Do I Need A Share Reserve to Grant Compensatory Stock Options?

Stock options are key to startups. Despite some larger companies adopting restricted stock award plans, options are still the way to go for startups.  They are a vital recruitment, incentive and retention tool.

Share Reserve for Compensatory Stock Options

I was recently asked by a private company: Do I have to adopt a stock option plan with a share reserve in order to grant compensatory stock options?

The question was motivated by the concern that it was too early to put a stake in the ground regarding the size of a share reserve. You see, the founders didn’t know yet how many shares to reserve under a plan and didn’t want to establish a reserve that might be too large because that would then drive down the price per share in the company’s anticipated financing.

For example: Suppose your company has 3 founders who own together 2M shares, you have a share reserve of 500K shares, and you have been offered a pre-money valuation of $2.5M. If the price per share in your offering is determined on a fully diluted basis, your price per share would be:

$2.5M (pre-money value) divided by 2.5M (fully diluted share figure), or $1.00 per share.

Now assume that your 3 founders own together 2M shares, and you have a share reserve of 250K shares, and you have been offered a pre-money valuation of $2.5M. If the price per share in your offering is determined on a fully diluted basis, based on these numbers, your price per share would be:

$2.5M (pre-money value), divided by 2.25M (fully diluted share figure), or $1.11 per share.

As you can see from the examples above, having too large a share reserve will drive down your price per share in your offering. (Of course, there is always the risk too that your investor will require you to have a share reserve of a certain size…) But the answer to the technical legal question above is that there is no federal or state securities, tax, or other law that requires you to adopt a stock option plan with a share reserve in order to grant compensatory stock options to employees or non-employee service providers. (However, what you do need to do is make sure that you have enough stock authorized in your articles or certificate of incorporation to be able to honor your stock options when they are exercised.)

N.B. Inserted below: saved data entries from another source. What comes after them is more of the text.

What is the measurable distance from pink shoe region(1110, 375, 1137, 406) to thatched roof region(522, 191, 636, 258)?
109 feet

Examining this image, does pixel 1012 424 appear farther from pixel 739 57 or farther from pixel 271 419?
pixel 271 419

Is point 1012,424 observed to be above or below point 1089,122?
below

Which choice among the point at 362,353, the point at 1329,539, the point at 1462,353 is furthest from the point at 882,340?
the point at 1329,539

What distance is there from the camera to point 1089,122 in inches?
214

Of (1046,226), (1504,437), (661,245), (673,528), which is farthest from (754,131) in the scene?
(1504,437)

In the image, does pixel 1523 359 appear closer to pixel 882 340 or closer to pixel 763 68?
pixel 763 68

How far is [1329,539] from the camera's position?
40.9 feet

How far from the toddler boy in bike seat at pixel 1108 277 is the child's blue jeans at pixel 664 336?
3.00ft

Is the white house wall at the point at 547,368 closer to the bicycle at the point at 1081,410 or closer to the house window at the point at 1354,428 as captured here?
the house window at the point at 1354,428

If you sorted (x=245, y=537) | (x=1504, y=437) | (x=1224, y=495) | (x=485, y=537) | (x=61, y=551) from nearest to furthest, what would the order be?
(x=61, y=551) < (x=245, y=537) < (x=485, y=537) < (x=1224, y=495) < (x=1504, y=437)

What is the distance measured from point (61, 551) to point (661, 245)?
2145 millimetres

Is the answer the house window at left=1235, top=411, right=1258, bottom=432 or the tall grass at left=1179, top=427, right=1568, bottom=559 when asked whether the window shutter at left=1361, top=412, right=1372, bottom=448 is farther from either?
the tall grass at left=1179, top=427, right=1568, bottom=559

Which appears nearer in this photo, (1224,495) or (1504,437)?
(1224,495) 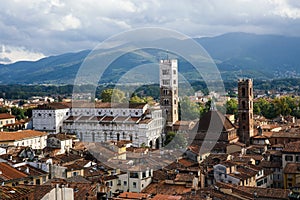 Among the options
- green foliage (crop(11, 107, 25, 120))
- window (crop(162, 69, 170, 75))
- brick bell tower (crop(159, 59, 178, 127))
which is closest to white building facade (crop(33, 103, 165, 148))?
brick bell tower (crop(159, 59, 178, 127))

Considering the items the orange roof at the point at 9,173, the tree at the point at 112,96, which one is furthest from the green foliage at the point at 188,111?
the orange roof at the point at 9,173

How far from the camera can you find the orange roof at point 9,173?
24525 millimetres

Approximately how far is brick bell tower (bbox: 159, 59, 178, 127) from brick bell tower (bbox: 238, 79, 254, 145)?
1096cm

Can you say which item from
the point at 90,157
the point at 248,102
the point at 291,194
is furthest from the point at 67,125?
the point at 291,194

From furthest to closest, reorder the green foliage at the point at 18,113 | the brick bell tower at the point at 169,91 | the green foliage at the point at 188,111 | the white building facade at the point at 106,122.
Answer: the green foliage at the point at 18,113 → the green foliage at the point at 188,111 → the brick bell tower at the point at 169,91 → the white building facade at the point at 106,122

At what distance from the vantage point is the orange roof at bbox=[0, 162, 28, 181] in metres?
24.5

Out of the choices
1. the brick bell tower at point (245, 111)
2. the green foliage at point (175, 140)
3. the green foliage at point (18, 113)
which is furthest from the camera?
the green foliage at point (18, 113)

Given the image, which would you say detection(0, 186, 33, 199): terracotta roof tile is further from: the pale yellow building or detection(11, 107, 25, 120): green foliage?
detection(11, 107, 25, 120): green foliage

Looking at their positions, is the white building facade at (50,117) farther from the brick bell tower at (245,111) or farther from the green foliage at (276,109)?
the green foliage at (276,109)

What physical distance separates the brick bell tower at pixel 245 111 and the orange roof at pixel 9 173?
2831 cm

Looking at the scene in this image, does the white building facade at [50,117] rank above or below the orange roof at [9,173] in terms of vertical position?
above

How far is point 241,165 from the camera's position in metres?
29.7

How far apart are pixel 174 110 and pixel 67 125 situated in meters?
13.3

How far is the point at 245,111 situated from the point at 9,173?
30448mm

The federal securities law exemption for stock options, Rule 701, for example, does not state that you need a plan or that options have to be granted pursuant to a plan with a share reserve. It exempts:

“[O]ffers and sales of securities (including plan interests and guarantees pursuant to paragraph (d)(2)(ii) of this section) under a written compensatory benefit plan (or written compensation contract) established by the issuer, its parents, its majority-owned subsidiaries or majority-owned subsidiaries of the issuer’s parent, for the participation of their employees, directors, general partners, trustees (where the issuer is a business trust), officers, or consultants and advisors, and their family members who acquire such securities from such persons through gifts or domestic relations orders.”

Thus, under Rule 701 it  is possible to grant stock options without a stock option plan with a share reserve, as “stand-alone” grants so long as the grants are made under a “written compensation contract.”

Similarly, many states’ securities laws  do not require that options be granted only under a plan with a share reserve. In Washington, for example, it is not necessary, as long you notify the Director of the Washington State Department of Financial Institutions in writing thirty days before offering the options in this state, and provide the Director with a copy of the documents pursuant to which you plan to make the awards.

The Drawbacks

There are drawbacks to granting options as “stand alone” grants:

  1. No “Incentive Stock Options” under the Internal Revenue Code may be granted except pursuant to a stock option plan with a share reserve that has been approved by shareholders. Some employees may prefer ISOs (although as I have written before, I think ISOs are overrated.)
  2. Under some states’ securities laws, it will be easier to find a securities law exemption for the option issuance pursuant to a plan that has been approved by the shareholders (e.g., California).
  3. It may be administratively more difficult to make stand-alone grants; the documentation may not be as easy to pull together as it usually is for stock option plan documents.
  4. Due diligence questions might arise later because you made stand-alone grants rather than pursuant to a stock option plan.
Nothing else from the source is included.